* [RECORDS FOR PROCESSING]
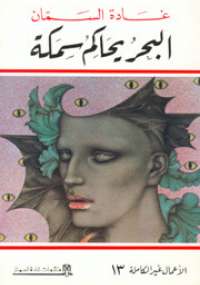 تحميل كتاب البحر يحاكم سمكة PDF غادة السمان
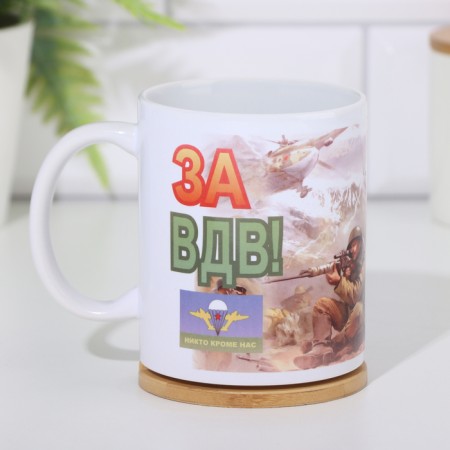 Sublimation mug "For Airborne Forces", with application-1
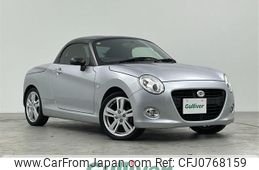 daihatsu copen 2016 -DAIHATSU--Copen DBA-LA400K--LA400K-0017751---DAIHATSU--Copen DBA-LA400K--LA400K-0017751-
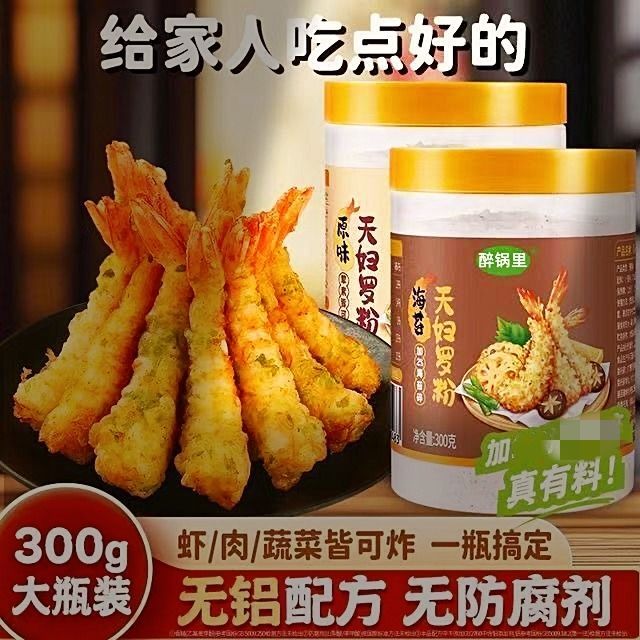 天妇罗粉脆炸粉家用懒人调料炸虾蔬菜裹粉日式煎油炸酥脆嫩粉商用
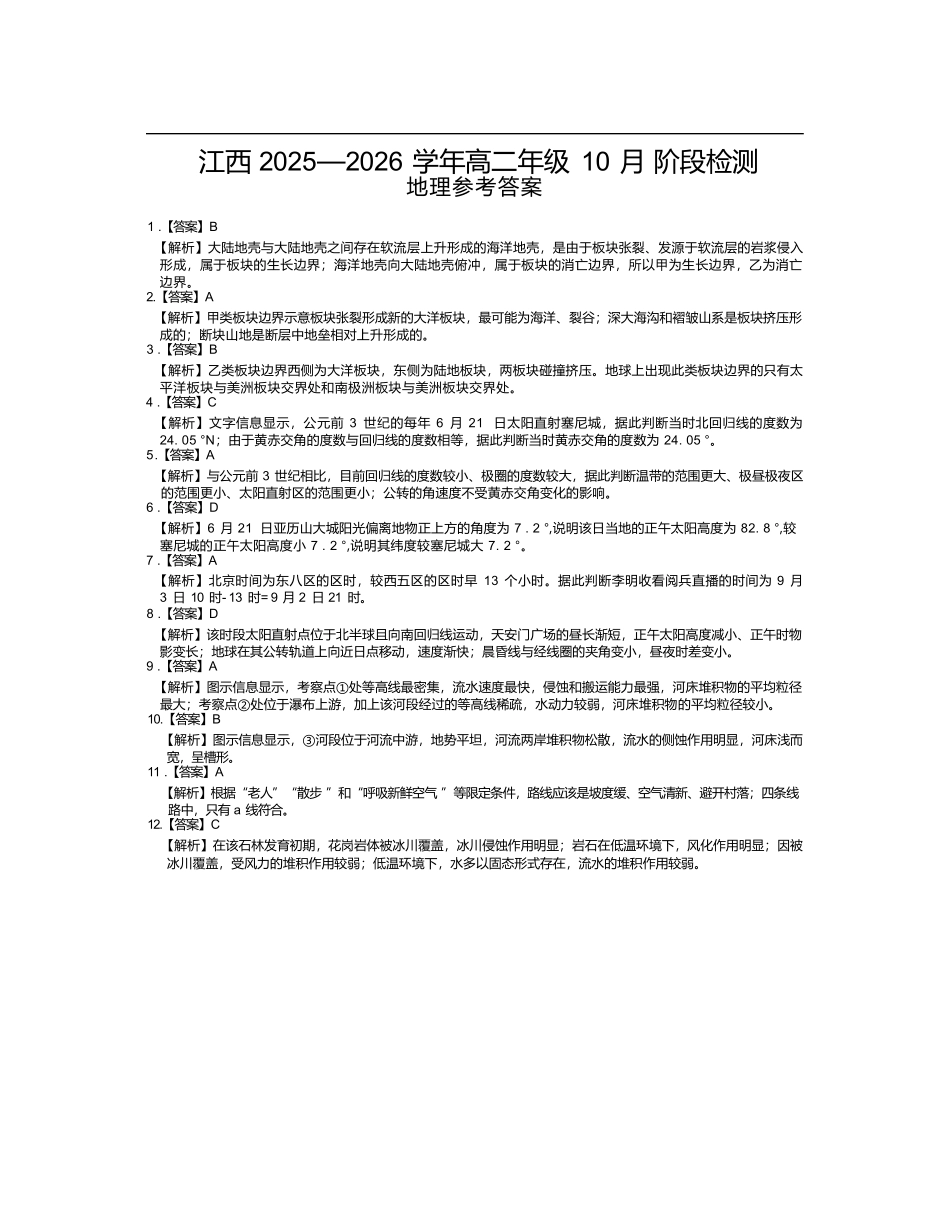 地理试答案卷【高二】江西省上进联考2025—2026学年高二年级10月阶段检测（10.14-10.15）.docx_第1页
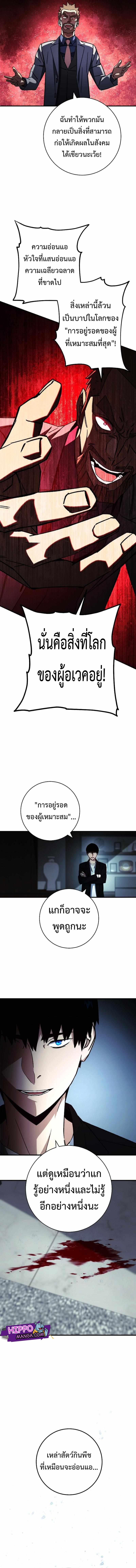 The Hero Returns ตอนที่ 52 13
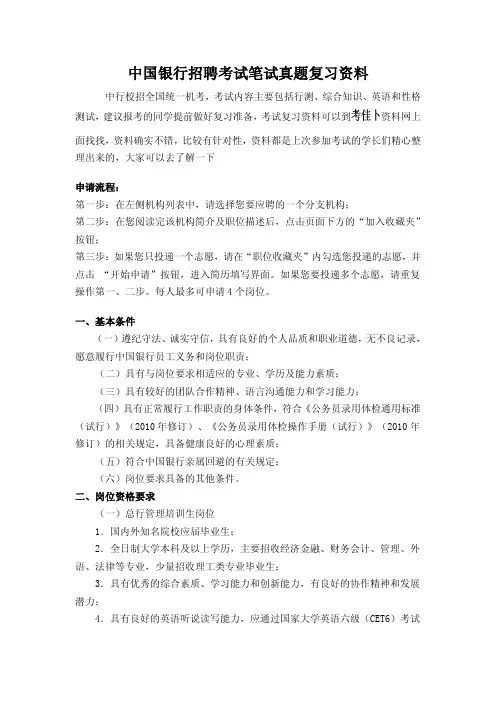 中国银行春夏秋季校园招聘考试笔试内容题历年考试真题内部题库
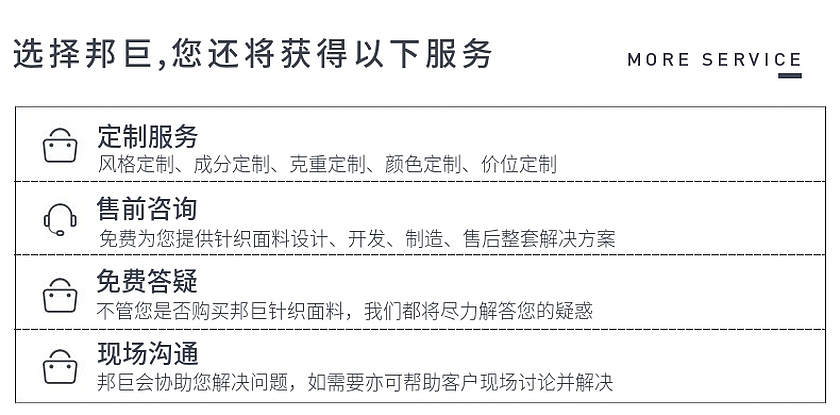 羅馬布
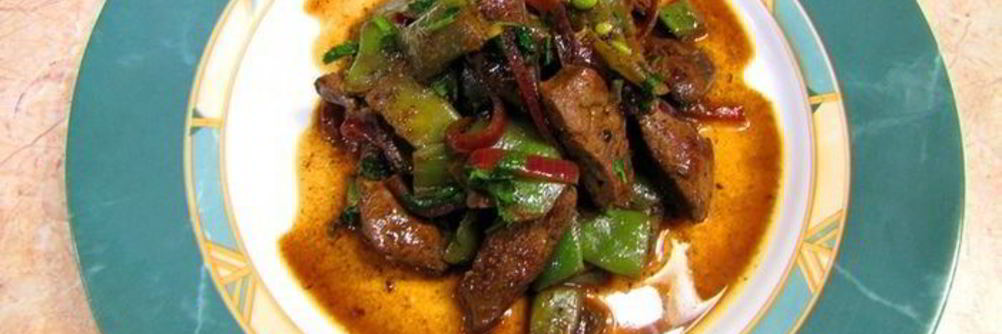 Печень с плоской стручковой фасолью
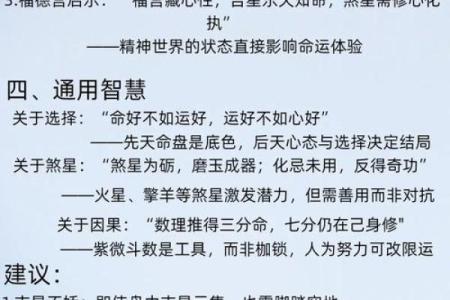 紫微斗数之诸星值限年运气推断：阴煞星之年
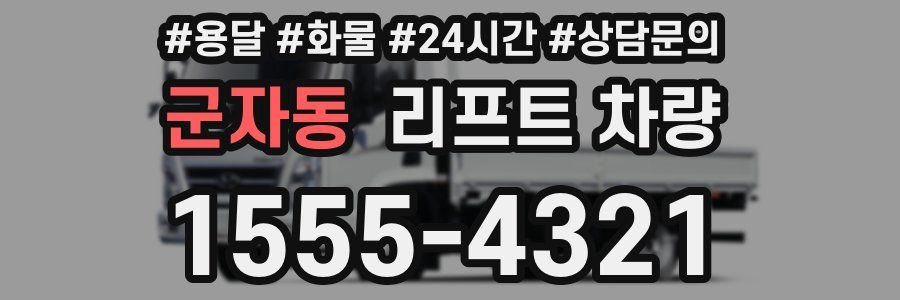 군자동 리프트 차량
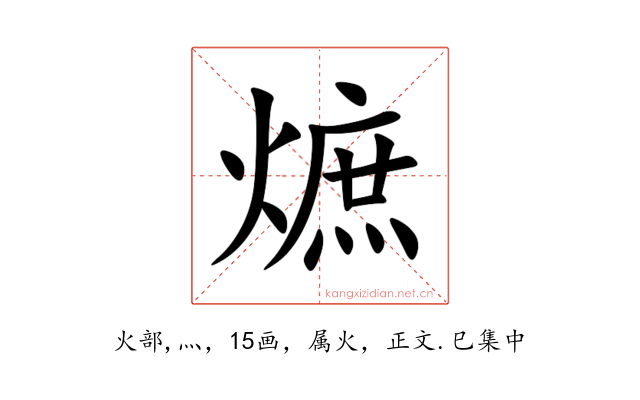 熫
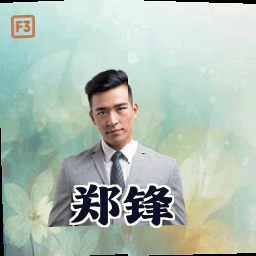 郑锋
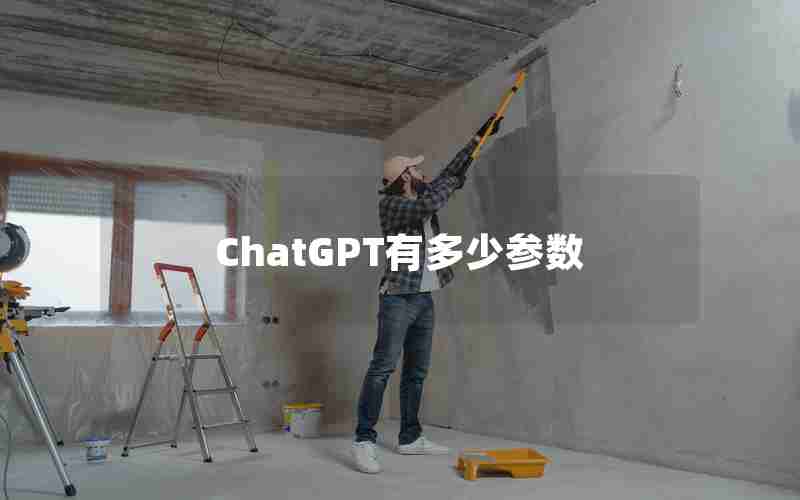 ChatGPT有多少参数 ChatGPT有多少参数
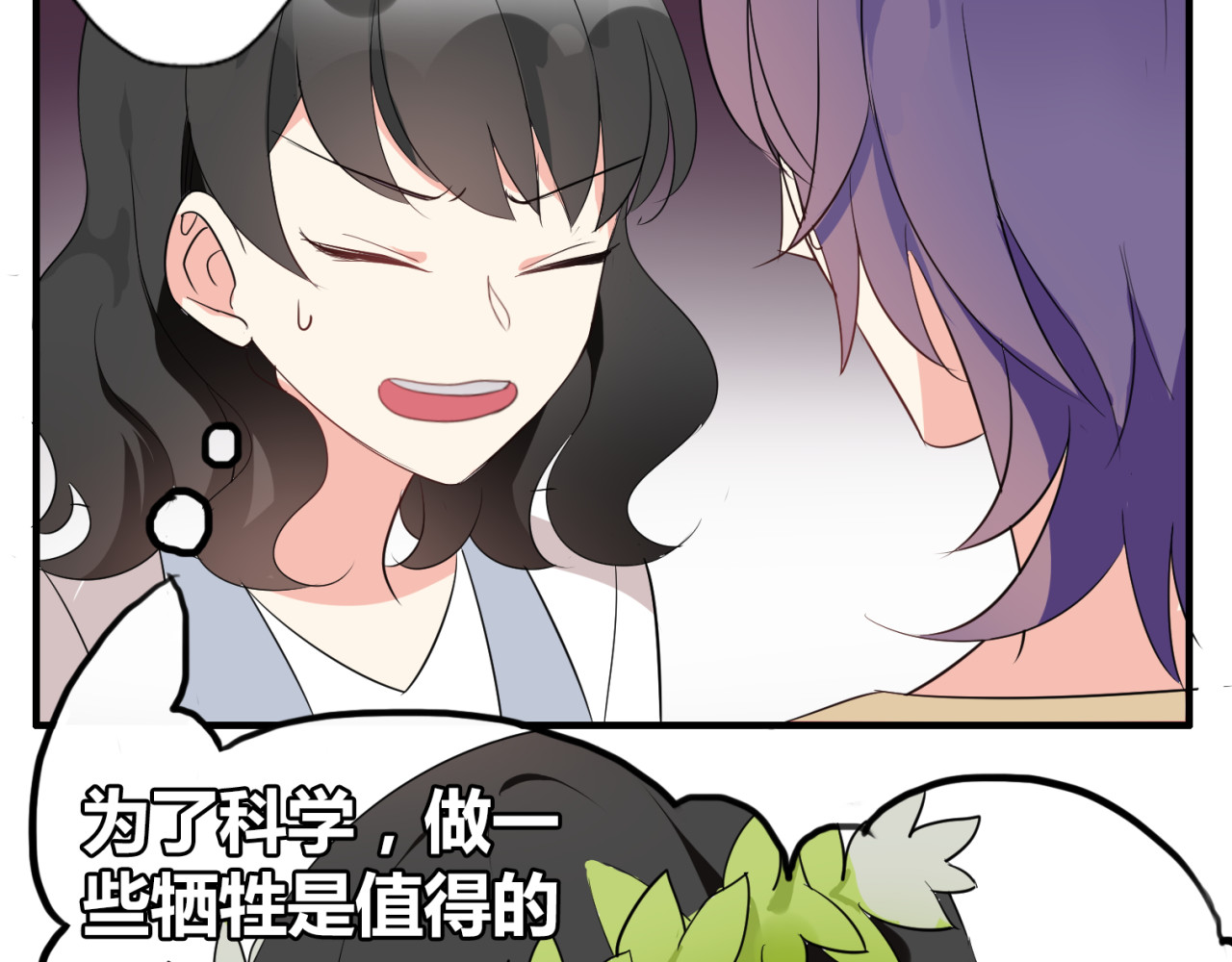 魔法先生与科学少女 第4话 你原来是这样的吸血鬼 第29页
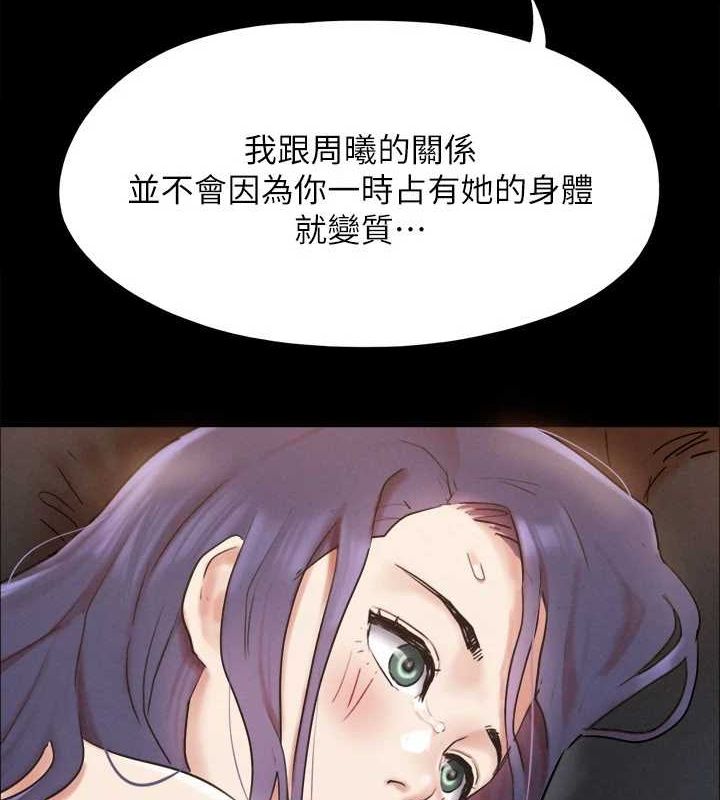 协议换爱(无码版)第159話-我不會這麼簡單就放過你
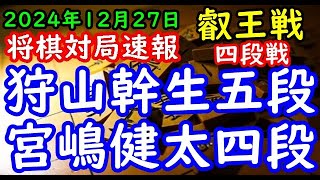 将棋対局速報▲狩山幹生五段ー△宮嶋健太四段 第10期叡王戦段位別予選四段戦[矢倉vs雁木]「主催：(株)不二家、日本将棋連盟 特別協賛：ひふみ 協賛:中部電力(株)、(株)豊田自動織機、豊田通商(株)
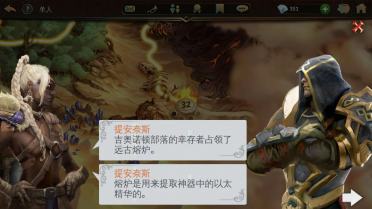 熔爐教徒 地牢獵手5第32關(guān)怎么過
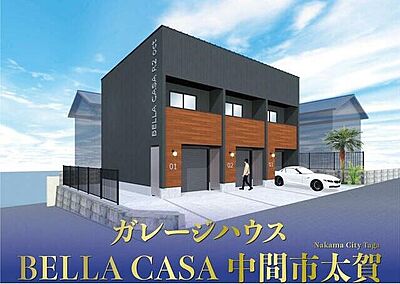 外観 外観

* [TASK PROMPT] The reply should hold the lines from the top of the records through the line containing "魔法先生与科学少女 第4话 你原来是这样的吸血鬼 第29页", reproduced exactly, and no pictures.

* [RESPONSE AREA]
 تحميل كتاب البحر يحاكم سمكة PDF غادة السمان
 Sublimation mug "For Airborne Forces", with application-1
 daihatsu copen 2016 -DAIHATSU--Copen DBA-LA400K--LA400K-0017751---DAIHATSU--Copen DBA-LA400K--LA400K-0017751-
 天妇罗粉脆炸粉家用懒人调料炸虾蔬菜裹粉日式煎油炸酥脆嫩粉商用
 地理试答案卷【高二】江西省上进联考2025—2026学年高二年级10月阶段检测（10.14-10.15）.docx_第1页
 The Hero Returns ตอนที่ 52 13
 中国银行春夏秋季校园招聘考试笔试内容题历年考试真题内部题库
 羅馬布
 Печень с плоской стручковой фасолью
 紫微斗数之诸星值限年运气推断：阴煞星之年
 군자동 리프트 차량
 熫
 郑锋
 ChatGPT有多少参数 ChatGPT有多少参数
 魔法先生与科学少女 第4话 你原来是这样的吸血鬼 第29页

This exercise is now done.